• [What the task asks]
Only the lines from the one containing "a view of a swimming" to the end of the entries should be written out, each exactly as it stands, both ends included.

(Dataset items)
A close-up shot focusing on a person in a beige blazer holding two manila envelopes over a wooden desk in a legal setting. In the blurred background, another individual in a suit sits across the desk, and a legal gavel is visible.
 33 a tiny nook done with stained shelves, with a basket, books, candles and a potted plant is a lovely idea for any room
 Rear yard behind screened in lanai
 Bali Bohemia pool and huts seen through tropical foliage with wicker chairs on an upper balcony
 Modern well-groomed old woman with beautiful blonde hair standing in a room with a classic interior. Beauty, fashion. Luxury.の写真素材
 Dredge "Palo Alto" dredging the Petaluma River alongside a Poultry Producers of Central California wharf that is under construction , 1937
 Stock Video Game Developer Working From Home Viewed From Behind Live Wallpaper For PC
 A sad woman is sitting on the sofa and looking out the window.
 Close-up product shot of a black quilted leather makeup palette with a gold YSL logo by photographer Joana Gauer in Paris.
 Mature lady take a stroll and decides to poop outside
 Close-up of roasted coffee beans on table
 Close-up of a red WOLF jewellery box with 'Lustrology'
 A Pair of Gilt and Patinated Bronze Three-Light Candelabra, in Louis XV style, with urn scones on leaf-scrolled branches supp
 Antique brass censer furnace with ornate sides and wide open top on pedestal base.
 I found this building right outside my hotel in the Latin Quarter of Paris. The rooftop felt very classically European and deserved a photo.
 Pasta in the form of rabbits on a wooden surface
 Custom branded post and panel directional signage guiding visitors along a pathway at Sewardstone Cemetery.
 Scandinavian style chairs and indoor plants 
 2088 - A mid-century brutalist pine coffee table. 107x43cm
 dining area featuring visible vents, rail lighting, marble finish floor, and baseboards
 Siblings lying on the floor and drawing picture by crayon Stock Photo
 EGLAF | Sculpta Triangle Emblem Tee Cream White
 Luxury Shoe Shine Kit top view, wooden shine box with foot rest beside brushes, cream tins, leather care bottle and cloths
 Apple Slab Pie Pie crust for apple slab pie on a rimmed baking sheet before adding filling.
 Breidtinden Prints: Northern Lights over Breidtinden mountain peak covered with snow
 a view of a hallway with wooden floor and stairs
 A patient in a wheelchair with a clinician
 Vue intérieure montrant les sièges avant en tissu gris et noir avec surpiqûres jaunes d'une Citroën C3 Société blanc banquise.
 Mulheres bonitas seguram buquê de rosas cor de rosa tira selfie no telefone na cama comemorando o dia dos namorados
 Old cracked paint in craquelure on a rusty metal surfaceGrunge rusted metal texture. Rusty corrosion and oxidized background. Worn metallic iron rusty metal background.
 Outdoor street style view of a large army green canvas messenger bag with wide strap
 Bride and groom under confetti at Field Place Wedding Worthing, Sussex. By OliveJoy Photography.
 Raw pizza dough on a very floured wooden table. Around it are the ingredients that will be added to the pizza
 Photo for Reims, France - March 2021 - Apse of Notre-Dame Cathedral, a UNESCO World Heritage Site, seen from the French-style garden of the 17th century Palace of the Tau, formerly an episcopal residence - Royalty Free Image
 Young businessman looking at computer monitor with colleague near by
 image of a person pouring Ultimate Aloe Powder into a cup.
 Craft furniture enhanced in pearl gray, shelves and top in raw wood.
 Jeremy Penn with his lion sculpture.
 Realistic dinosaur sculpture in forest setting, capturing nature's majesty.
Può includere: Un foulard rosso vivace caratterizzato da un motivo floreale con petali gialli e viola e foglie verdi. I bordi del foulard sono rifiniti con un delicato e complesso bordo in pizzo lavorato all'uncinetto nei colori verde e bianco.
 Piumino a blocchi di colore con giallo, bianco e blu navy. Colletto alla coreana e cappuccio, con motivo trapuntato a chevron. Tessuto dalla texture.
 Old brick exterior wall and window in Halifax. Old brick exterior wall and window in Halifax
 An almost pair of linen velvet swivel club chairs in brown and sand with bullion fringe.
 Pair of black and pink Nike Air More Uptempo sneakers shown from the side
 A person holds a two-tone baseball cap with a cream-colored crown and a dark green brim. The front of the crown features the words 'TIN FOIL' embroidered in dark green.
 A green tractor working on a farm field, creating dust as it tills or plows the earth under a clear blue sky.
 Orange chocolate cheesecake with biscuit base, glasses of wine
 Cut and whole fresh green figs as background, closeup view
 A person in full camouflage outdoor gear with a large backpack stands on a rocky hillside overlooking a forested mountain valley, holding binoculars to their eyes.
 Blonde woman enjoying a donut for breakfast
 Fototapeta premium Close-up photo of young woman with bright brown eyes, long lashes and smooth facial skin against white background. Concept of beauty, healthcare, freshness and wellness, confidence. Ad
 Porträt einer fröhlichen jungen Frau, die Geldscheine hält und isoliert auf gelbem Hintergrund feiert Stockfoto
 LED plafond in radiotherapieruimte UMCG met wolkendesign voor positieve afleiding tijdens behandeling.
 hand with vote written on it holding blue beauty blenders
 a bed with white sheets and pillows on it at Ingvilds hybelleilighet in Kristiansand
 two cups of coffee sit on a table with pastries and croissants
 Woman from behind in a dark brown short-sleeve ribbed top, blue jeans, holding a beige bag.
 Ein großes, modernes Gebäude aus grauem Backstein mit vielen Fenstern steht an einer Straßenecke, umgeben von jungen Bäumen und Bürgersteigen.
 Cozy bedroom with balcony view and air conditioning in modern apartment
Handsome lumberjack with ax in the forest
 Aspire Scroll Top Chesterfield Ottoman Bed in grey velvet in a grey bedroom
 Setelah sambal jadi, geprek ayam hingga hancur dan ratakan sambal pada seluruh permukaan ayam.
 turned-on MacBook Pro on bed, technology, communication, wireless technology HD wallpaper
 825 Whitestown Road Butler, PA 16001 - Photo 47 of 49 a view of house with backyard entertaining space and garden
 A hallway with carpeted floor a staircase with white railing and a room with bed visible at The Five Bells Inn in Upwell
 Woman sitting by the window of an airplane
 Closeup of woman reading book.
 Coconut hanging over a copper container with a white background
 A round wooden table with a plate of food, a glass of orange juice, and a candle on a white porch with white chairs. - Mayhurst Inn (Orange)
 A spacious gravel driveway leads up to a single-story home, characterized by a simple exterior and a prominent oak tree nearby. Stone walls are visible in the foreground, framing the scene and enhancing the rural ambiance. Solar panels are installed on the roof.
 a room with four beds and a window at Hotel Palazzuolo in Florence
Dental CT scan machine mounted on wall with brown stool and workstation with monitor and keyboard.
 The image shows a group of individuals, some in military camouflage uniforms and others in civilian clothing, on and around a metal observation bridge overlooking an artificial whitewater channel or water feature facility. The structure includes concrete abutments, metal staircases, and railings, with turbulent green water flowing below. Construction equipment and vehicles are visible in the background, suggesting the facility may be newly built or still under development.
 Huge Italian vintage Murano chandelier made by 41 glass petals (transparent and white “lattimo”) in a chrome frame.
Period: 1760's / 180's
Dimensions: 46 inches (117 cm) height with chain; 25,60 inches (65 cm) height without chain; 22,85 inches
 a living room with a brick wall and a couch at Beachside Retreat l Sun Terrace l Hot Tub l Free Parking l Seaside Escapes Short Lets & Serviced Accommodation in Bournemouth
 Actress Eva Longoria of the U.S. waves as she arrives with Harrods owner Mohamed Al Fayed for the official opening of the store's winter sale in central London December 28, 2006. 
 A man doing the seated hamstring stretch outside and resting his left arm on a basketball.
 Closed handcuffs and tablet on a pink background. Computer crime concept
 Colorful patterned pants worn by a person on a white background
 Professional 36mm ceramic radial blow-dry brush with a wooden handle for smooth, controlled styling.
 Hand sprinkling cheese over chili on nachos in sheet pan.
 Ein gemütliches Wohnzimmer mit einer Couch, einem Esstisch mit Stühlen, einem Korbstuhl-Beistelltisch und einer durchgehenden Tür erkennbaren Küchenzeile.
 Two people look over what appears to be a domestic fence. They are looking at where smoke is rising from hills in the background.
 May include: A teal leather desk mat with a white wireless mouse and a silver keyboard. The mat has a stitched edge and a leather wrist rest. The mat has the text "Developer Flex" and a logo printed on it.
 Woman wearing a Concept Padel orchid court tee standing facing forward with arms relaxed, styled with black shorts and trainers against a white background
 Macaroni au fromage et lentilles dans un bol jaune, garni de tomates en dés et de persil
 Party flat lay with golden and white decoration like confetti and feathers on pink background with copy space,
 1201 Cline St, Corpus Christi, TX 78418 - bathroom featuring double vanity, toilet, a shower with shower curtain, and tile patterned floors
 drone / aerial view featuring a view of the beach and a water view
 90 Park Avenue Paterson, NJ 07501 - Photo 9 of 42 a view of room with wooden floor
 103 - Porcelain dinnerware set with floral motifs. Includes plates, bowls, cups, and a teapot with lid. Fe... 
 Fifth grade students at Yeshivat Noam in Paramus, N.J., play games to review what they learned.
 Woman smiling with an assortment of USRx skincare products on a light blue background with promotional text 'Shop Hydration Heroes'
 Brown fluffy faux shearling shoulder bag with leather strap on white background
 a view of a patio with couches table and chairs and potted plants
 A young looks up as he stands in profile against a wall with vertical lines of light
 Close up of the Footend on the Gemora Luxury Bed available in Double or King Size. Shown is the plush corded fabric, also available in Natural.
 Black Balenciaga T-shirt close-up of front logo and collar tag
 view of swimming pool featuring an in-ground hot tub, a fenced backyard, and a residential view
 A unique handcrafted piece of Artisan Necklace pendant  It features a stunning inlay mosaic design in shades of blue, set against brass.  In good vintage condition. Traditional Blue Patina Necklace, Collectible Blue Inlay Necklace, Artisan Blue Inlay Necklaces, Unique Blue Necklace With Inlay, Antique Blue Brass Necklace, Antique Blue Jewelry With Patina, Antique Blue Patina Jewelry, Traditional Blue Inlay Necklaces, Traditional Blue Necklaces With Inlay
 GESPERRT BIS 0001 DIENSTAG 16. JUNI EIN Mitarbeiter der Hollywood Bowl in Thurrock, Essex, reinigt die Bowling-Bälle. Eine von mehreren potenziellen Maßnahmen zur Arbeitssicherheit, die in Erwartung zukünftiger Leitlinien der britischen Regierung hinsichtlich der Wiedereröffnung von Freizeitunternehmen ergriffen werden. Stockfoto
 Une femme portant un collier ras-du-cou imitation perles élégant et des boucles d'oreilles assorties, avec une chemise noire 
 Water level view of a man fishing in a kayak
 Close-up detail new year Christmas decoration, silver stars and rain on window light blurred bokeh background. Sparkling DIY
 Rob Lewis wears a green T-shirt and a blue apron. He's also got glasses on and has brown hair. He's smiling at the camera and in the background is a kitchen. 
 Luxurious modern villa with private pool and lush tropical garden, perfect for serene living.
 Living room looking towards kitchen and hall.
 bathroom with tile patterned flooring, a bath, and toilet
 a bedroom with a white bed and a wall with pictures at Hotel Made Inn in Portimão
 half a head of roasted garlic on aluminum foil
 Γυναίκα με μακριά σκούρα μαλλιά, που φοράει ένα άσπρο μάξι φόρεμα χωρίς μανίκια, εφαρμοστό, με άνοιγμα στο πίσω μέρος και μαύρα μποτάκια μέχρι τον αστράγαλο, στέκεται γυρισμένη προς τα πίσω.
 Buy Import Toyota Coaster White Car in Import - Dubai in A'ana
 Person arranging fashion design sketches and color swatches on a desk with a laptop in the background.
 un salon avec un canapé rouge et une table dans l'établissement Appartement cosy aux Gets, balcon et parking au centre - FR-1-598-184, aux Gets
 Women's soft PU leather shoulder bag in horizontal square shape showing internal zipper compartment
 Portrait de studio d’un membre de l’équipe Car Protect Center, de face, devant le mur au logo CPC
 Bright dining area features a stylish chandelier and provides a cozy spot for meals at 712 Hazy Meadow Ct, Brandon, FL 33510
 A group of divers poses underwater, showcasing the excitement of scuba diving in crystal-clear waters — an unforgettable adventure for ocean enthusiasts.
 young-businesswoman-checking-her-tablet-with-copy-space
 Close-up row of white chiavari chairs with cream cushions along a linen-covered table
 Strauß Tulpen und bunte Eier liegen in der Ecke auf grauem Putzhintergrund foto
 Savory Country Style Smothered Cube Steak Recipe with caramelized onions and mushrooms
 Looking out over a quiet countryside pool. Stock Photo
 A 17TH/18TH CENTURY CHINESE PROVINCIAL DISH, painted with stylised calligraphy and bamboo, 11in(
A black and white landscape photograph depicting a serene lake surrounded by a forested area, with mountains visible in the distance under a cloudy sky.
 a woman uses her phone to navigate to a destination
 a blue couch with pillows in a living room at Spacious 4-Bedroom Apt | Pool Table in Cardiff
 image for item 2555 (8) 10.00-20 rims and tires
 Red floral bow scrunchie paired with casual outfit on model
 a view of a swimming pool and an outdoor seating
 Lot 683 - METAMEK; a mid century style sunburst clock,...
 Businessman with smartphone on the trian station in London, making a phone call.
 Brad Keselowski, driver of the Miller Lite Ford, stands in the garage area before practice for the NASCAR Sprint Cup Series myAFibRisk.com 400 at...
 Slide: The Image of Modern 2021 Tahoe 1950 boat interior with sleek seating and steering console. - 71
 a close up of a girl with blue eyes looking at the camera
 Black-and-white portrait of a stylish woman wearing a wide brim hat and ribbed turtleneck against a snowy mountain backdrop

• [Solution to this task]
 a view of a swimming pool and an outdoor seating
 Lot 683 - METAMEK; a mid century style sunburst clock,...
 Businessman with smartphone on the trian station in London, making a phone call.
 Brad Keselowski, driver of the Miller Lite Ford, stands in the garage area before practice for the NASCAR Sprint Cup Series myAFibRisk.com 400 at...
 Slide: The Image of Modern 2021 Tahoe 1950 boat interior with sleek seating and steering console. - 71
 a close up of a girl with blue eyes looking at the camera
 Black-and-white portrait of a stylish woman wearing a wide brim hat and ribbed turtleneck against a snowy mountain backdrop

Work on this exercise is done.